◆ **Work instruction**:
Tally the lines of the entries in which the string "Chicken" occurs, and say only how many.

>>>

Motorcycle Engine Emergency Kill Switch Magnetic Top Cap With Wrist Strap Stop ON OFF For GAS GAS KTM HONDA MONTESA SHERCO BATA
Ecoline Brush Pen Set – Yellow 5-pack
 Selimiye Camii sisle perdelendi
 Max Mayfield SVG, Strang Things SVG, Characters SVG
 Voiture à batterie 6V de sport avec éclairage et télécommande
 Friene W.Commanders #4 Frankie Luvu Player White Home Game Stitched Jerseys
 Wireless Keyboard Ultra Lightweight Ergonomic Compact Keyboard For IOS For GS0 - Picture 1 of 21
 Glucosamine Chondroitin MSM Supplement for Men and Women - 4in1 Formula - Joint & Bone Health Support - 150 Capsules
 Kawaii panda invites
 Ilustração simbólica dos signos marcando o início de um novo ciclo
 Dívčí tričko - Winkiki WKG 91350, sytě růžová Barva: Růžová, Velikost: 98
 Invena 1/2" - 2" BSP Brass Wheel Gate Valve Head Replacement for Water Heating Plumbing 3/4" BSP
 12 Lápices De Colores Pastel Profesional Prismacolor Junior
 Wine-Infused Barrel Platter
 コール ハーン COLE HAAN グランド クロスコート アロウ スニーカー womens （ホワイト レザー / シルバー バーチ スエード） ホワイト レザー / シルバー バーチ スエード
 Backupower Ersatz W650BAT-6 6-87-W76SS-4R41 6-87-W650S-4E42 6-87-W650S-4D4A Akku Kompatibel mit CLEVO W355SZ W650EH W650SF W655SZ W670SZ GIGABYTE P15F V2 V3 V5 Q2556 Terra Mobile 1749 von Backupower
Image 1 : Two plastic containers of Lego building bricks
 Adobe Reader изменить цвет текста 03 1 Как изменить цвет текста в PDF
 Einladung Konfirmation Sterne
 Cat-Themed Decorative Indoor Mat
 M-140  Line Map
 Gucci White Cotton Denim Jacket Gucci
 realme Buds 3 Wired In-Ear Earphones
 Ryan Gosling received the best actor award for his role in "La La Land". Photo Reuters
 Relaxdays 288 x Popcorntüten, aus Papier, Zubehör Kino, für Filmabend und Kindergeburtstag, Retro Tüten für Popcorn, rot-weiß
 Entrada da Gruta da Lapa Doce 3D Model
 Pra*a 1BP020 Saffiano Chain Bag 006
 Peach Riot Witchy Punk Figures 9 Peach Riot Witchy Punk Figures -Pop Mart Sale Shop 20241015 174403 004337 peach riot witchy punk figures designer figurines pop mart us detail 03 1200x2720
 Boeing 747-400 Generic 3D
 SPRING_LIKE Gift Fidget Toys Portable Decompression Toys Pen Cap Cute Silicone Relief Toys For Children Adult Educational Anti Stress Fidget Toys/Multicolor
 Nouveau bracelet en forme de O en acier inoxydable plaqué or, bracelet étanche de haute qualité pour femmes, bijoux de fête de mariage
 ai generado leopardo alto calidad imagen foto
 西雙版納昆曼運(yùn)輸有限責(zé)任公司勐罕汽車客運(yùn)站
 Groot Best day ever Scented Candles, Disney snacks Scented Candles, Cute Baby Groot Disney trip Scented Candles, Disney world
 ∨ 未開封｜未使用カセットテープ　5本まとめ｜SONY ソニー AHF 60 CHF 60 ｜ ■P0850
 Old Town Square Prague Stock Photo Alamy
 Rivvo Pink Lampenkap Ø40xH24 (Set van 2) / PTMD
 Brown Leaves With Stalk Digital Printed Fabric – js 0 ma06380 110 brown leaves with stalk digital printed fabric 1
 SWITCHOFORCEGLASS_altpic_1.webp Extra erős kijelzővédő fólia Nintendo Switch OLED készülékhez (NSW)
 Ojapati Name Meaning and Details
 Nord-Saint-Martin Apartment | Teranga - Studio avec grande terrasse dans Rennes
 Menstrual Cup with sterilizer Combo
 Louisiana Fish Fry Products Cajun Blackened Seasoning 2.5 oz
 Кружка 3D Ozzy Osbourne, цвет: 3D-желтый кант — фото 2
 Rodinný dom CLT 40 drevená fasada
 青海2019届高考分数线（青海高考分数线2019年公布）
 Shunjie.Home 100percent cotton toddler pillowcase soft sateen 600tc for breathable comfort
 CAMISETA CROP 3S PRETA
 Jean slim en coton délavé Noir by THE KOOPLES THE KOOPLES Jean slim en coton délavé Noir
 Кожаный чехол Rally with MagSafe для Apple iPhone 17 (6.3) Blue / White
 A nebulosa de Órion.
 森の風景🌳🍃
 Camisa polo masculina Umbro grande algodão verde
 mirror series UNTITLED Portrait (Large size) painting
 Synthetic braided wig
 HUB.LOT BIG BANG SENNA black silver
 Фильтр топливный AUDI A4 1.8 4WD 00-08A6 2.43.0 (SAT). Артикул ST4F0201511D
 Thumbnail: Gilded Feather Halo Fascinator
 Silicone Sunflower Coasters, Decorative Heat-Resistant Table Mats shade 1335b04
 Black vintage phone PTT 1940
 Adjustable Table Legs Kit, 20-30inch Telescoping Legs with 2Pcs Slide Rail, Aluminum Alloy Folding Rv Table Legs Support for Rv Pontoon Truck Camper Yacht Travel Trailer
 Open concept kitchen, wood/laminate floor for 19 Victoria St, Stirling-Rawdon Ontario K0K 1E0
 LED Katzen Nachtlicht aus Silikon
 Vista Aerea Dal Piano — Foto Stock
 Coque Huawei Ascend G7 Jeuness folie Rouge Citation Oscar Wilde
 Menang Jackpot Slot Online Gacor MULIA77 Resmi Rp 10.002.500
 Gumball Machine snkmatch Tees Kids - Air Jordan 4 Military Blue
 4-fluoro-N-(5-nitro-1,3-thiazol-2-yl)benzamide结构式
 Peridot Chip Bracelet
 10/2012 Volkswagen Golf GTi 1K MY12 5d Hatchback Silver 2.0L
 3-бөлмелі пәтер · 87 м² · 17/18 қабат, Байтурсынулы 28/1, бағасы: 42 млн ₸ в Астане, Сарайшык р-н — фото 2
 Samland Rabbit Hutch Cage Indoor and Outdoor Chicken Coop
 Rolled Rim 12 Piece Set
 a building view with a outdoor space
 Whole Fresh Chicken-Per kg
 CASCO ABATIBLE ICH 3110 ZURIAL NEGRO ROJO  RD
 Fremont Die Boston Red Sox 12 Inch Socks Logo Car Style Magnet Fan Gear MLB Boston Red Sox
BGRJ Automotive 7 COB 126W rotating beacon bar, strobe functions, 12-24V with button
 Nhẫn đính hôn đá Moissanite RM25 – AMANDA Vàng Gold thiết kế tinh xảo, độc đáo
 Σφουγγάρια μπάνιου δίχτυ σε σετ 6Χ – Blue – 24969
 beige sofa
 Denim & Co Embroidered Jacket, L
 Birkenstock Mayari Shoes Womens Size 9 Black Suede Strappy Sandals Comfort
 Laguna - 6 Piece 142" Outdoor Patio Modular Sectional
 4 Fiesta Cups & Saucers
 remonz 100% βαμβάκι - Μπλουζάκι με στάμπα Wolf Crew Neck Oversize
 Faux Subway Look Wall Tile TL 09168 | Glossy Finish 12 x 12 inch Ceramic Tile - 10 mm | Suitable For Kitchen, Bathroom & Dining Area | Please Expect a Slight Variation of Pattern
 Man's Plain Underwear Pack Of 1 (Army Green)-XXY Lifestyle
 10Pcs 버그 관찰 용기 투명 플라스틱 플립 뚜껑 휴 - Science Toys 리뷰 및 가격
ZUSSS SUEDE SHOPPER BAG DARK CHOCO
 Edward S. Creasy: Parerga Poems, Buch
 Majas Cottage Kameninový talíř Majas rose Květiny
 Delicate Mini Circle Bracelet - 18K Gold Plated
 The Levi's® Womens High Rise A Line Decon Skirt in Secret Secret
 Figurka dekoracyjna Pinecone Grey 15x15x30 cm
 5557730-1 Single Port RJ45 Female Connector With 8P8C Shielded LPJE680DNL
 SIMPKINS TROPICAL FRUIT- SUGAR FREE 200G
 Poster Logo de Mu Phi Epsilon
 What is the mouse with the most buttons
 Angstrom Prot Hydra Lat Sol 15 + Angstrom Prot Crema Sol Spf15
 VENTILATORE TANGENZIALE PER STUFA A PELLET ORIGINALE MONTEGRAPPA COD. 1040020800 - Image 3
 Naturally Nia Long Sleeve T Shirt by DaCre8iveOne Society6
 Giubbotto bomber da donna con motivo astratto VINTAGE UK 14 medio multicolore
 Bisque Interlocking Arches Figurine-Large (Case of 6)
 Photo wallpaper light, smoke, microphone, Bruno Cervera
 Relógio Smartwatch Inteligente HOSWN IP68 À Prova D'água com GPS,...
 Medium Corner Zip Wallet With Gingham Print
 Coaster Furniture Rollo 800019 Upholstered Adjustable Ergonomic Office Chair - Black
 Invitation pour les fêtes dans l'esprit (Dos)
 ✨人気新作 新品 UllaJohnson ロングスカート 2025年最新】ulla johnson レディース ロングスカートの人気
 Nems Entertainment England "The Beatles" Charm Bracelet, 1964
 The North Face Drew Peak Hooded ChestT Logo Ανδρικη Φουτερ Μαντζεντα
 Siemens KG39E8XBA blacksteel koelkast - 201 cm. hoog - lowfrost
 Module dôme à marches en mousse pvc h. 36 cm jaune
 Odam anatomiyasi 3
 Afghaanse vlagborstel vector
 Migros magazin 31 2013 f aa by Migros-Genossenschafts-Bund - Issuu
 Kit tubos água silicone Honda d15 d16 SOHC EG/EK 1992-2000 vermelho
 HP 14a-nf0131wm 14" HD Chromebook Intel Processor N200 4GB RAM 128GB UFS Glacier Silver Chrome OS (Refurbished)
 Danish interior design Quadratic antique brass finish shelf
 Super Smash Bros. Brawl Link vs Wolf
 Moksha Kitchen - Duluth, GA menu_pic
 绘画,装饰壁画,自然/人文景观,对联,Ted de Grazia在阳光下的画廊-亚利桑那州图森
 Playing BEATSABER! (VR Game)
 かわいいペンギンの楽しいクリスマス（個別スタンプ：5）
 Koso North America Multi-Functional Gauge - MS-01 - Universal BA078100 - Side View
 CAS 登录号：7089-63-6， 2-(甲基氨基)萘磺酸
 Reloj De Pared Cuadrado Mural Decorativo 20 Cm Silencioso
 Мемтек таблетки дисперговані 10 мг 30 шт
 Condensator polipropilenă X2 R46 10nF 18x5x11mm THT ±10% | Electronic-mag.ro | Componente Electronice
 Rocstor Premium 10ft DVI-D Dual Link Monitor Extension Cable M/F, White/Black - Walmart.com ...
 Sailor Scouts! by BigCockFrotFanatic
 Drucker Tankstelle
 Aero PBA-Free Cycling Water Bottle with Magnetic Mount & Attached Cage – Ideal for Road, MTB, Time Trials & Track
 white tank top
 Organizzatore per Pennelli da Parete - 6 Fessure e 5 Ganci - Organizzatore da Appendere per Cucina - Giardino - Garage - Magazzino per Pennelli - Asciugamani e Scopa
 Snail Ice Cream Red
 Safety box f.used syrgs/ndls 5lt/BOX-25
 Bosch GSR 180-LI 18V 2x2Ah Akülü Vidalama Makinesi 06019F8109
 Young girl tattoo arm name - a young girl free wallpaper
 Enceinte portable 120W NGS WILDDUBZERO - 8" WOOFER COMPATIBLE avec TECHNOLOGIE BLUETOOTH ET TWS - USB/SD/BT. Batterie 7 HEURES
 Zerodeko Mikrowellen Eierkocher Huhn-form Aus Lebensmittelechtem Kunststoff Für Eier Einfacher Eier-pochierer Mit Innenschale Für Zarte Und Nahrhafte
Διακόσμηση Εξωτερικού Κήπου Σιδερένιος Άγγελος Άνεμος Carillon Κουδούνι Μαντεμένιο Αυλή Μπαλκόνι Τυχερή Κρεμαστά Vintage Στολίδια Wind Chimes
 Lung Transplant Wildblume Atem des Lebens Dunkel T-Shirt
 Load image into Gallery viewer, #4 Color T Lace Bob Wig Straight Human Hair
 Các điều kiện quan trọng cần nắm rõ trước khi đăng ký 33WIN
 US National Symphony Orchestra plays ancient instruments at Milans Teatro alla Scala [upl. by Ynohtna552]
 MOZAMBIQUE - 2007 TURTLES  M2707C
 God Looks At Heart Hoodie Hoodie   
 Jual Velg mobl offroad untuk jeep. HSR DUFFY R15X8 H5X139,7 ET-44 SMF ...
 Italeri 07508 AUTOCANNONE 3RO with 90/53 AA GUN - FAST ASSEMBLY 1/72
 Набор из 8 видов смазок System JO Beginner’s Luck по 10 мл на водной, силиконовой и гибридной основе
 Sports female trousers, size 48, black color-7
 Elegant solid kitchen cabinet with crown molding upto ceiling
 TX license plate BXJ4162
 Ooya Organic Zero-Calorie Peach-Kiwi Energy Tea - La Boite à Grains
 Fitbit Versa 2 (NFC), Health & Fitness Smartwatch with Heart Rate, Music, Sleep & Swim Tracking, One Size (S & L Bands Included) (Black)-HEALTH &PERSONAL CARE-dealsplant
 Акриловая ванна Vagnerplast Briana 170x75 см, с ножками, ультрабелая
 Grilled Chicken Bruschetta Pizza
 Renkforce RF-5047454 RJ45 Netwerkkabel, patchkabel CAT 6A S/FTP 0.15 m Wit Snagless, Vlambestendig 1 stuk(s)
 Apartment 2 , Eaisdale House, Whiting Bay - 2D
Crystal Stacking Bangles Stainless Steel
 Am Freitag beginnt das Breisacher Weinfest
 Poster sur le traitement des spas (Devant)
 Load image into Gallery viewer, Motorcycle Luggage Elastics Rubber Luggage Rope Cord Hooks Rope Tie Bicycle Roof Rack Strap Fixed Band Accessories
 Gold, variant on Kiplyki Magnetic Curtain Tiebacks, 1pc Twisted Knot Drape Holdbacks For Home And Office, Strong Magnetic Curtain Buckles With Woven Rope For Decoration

<<<

◆ **Expected output**:
3